We interviewed Justin Cronin, New York Times bestselling author of The Passage Trilogy. Cronin previously taught at Rice from 2003 until 2012. This semester he returned to teach “Narrative Design in Long(er) Fiction.”
What advice would you give to students pursuing more creative paths?
Have no plan ‘B,’ because plan ‘B’ has a way of becoming plan ‘A’ the minute the waters get choppy, which they are bound to do. Making art of any kind can’t be accomplished unless you donate your life to learning how to do it. Hard advice, but there it is.
Why did you return to teaching?
I missed it. Writing is enormously solitary, because it has to be, but all those hours in the company of one’s own mind can be burdensome. I was a teacher for twenty-five years and always enjoyed it — the time with students, talking about books and writing. Writing a novel can come to feel a bit abstract. You put in your 1000 words for the day, pick up your son at school, make a casserole, go to bed, and then get up to start it all over again. What are you accomplishing? Something, probably, but it’s often hard to know what it is. But if you teach a class well, you can feel that right away. You’ve made yourself useful, and it’s a good thing, a satisfying thing, to be useful.
How did your undergraduate experience shape your writing?
I was an English major. This was a long time ago, when college was a lot cheaper and many people went there to form a philosophy of life, rather than to train for a specific career. I had some vague notion that I might like to write fiction but no real idea how to go about this, and in the only creative writing class I took, I got a C+, my worst grade in college. But I read a ton, and that was helpful, and somehow the C+ didn’t demoralize me completely. (To be fair, the stories I wrote in the class were absolutely terrible. Cringe-worthy, would be how I’d describe them now. But I worked very hard on them, and everybody writes bad stories at the start.)

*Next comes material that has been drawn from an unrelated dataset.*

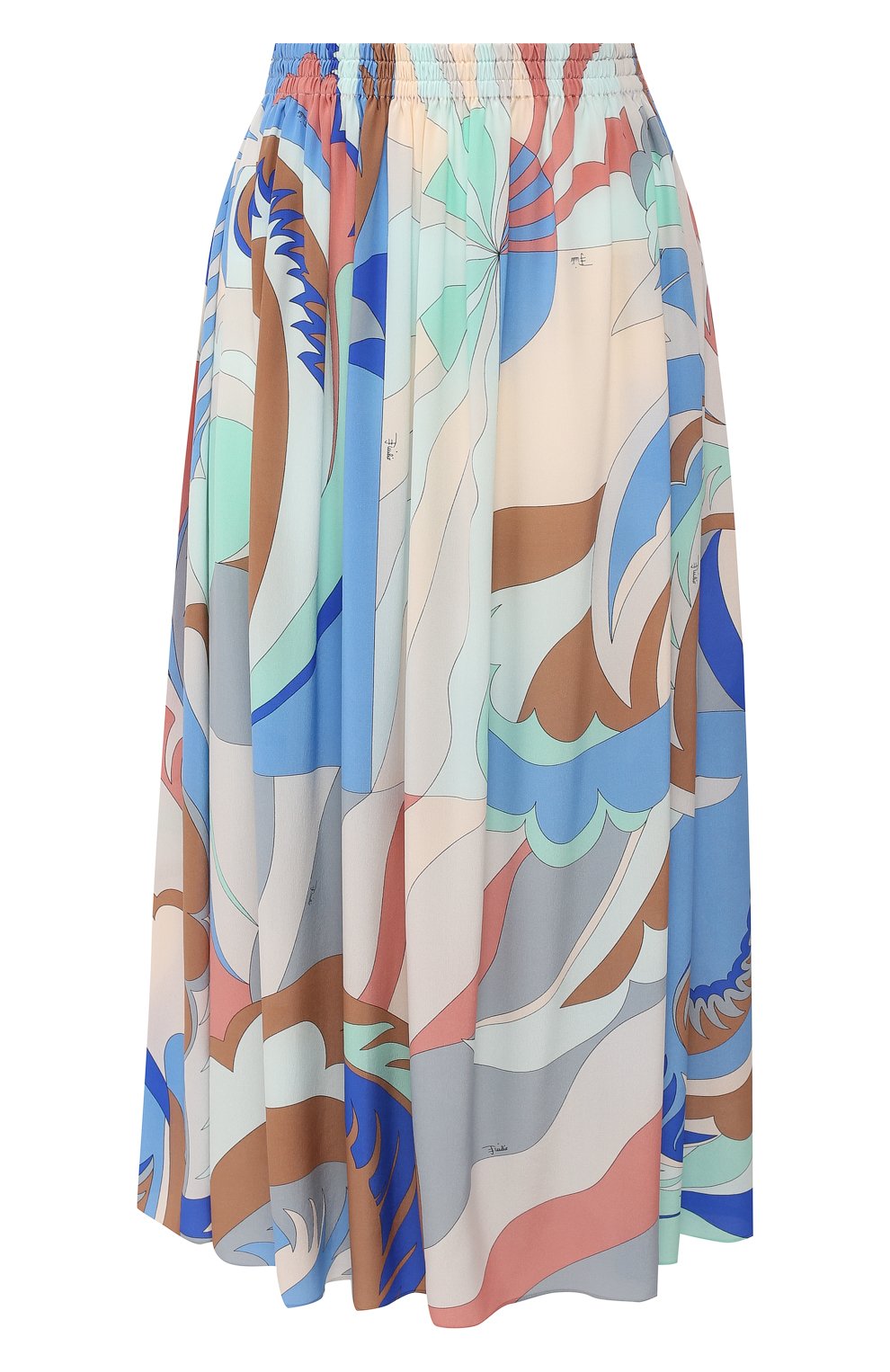 Шелковая юбка EMILIO PUCCI синего цвета по цене 59950 руб., арт. 9ERW60/9E733, фото 1 Шелковая юбка EMILIO PUCCI, арт. 9ERW60/9E733, фото 1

I didn’t take any more creative writing courses in college, but I wrote other things, putting sticks into the fire so to speak, and when I graduated and the time came to apply to law school, which everybody expected me to do, I decided to wait a while, to see what else might come up. (I also didn’t have any money for law school.) I ping-ponged around for a bit, teaching at high schools in Hawaii and Los Angeles, traveling on the cheap and living for a little while in Italy, and eventually ended up at graduate school at the University of Iowa, where everybody spent every hour of every day talking about writers and writing and books, and that was it for me.
What is one book that had an impact on you?
Asking a writer to name one favorite book is like asking a dog to name one favorite smell.
How many years of serious writing did it take before you published your first novel?
I published my first book when I was 37. But of course there were many dark moments when the whole thing seemed like a huge mistake. Here’s one: In the fall of 1998, I submitted a manuscript to my agent.I’d been toiling over it for many years. She called me back a week later and she said, “I don’t want to be your agent anymore.” Just like that! Boom, pow, game over! But the story ends well; within just a few months, I had a new agent (I’d sent her the same manuscript that my first agent pitched into the flames), and she sold it to Random House. There’s a moral to this story, obviously, but I’ll let other people decide what it is.